Not surprisingly, the war has made conservation much more difficult. Oleg Dyakov, a rewilding officer from Rewilding Ukraine’s Odessa headquarters and one of the organization’s co-founders, recounts the dangers his teams faced with occasional frustration. Sea mines entering from the Black Sea impeded the release of fallow deer, and surveillance of Dalmatian pelicans was limited to binoculars and telescopes as parts of the delta were closed off by the Ukrainian government. (In peacetime, they could have used drones to make more accurate counts.)
The Askania Nova Reserve – Ukraine’s oldest and largest biosphere reserve on the east bank of the Dnipro River – has been under Russian occupation since last spring. Park staff continued their conservation work for almost a year. “The people who work there are heroes,” says Dyakov. “There’s no doubt about that.” But in March 2023, a recent report on the reserve’s website stated that a new Russian directorate had been installed.
The reserve is home to a large collection of both released and native ungulate breeds, including kulans. Before the war, Rewilding Ukraine relied on the wildlife sanctuary to provide herding to the Tarutino Steppe. Two successful iterations of newly customized donkeys originally came from Askania Nova.
“Now there is only one chance to bring animals from Western Europe,” explains Dyakov. However, this is both very expensive and bureaucratically complex – “especially under wartime conditions”. The birth of the feral kulans in the Tarutino steppe, says Dyakov, is important now not only because it shows the success of their project, but also because it may be the only way the herds can grow.
At times, the money to keep the projects running has dried up, and rangers have had to dig into their own pockets to keep them running. “We couldn’t wait. “The animals can hardly wait,” says Muntianu.
In a war for Ukraine’s survival and identity, conservation has inevitably taken on a patriotic dimension, says Dyakov. The Russian invasion has destroyed millions of acres of land he and so many others have protected for decades. Some of the rewilding and broader conservation movements have tried to promote the view that restoring the landscape can be seen as an element of their defence.

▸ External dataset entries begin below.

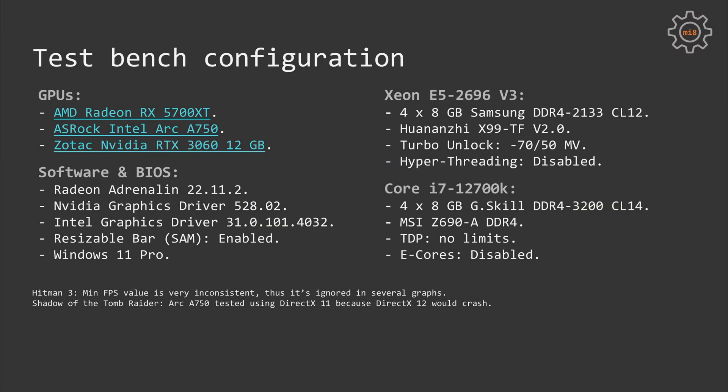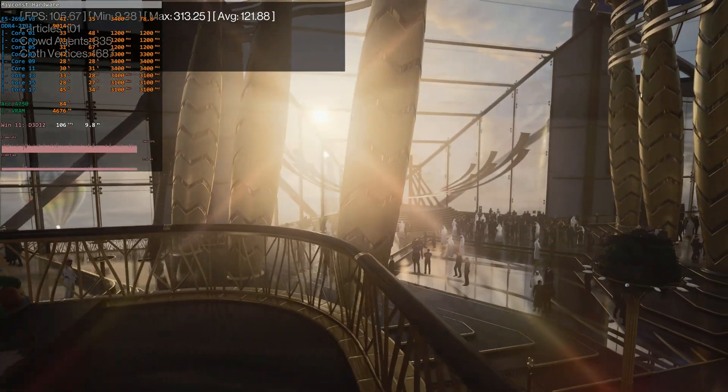With this many test results I struggled to fit everything on one screen, so the data is split into multiple slides. You can pause at the end of the video to investigate the numbers. In short, the first configuration is the Xeon E5-2696v3 with Turbo Boost Unlock enabled and hyper-threading disabled. The second is the Core i7-12700K with all TDP limitations disabled and E-cores disabled, as they do nothing good for gaming. Also, the Hitman 3 benchmark is very inconsistent with minimal FPS values, so it was excluded from some calculations.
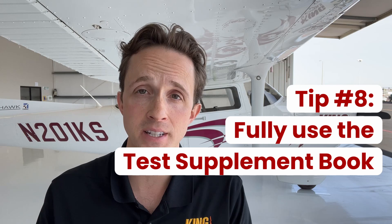One last tip: as you take your questions, you'll be referred directly to figures. Those figures will be given to you on the day of the exam in a test supplement book. Don't just glance at the figure the question refers to — flip through the figures and understand them fully. In addition to the figures, the testing supplement also contains a goldmine in the chart legends. They're never referred to directly by questions like the figures are, but they do contain the answers to many questions. Spend some time familiarizing yourself with the legends — they are truly a free gift from the FAA, and not many people use them.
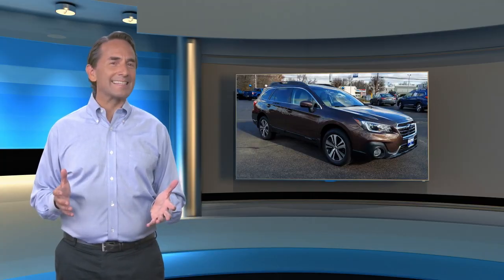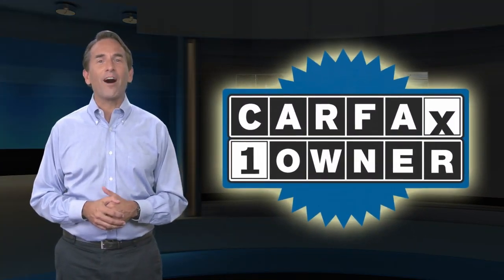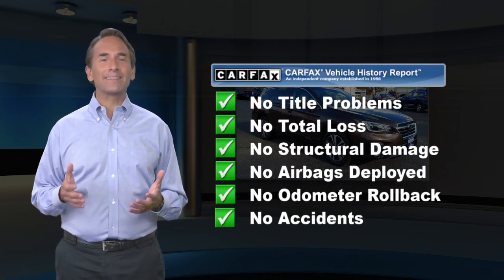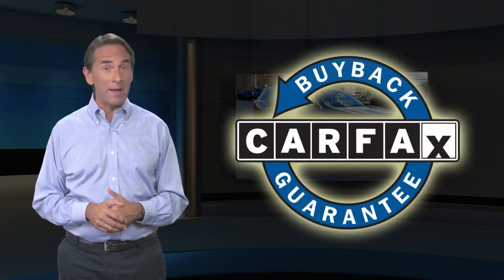Feel confident in this Carfax Verified One Owner Vehicle with the Carfax Vehicle History Report. Find this complimentary Carfax Vehicle History Report online or contact a dealership. This vehicle qualifies for the Carfax Buyback Guarantee.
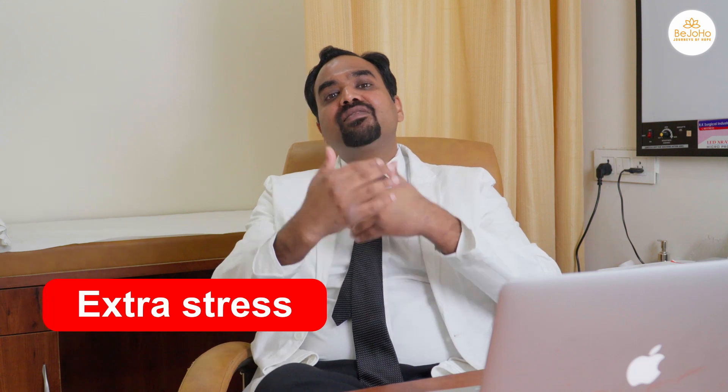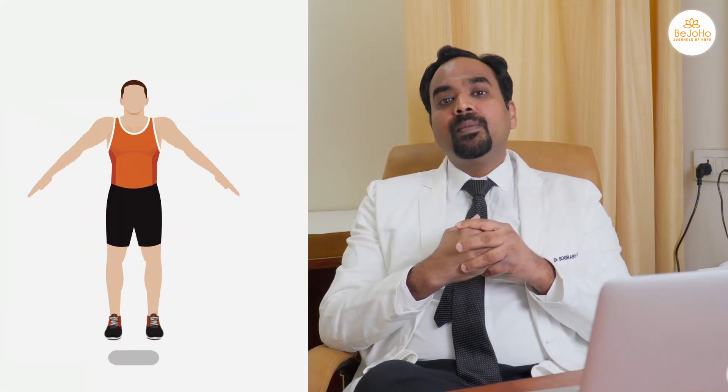The third component is avoiding any kind of extra stress to the hip joint, which can come from activities like running, jogging, jumping, etc.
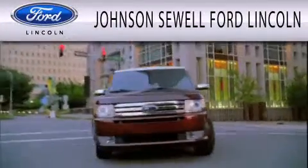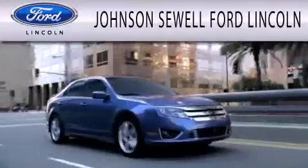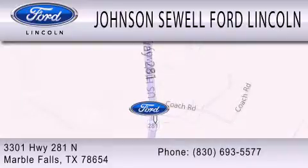Johnson Sewell Ford Lincoln is dedicated to doing everything possible to ensure that the experience you have selecting your next vehicle is as pleasant as possible. We are located at 3301 Highway 281 North in Marble Falls.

“A tank can’t drive through the wetlands,” says Bohdan Prots, an ecologist and CEO of the Danube-Carpathian Program, a Lviv-based NGO that conducts conservation activities and advocates for tougher environmental legislation. On Ukraine’s northwest border, flooded fields and swamps have deterred Russian troops from launching attacks across Belarus, Prots says. “Rewilding,” he believes, “is an instrument of defense of the country.”
Ukraine’s land and ecosystems were used as weapons during the conflict. In February 2022, Ukrainian forces flooded the Kiev-Irpin wetlands again by breaching a Soviet-era dam, making maneuvering difficult for Russian troops – a move credited at least in part to repelling the invading troops and saving the capital from capture. In June, The Kakhovka Dam in southern Ukraine was destroyed– most likely from Russia –devastate large areasand led to calls for environmental war crimes to be added to an already growing list of Kremlin crimes.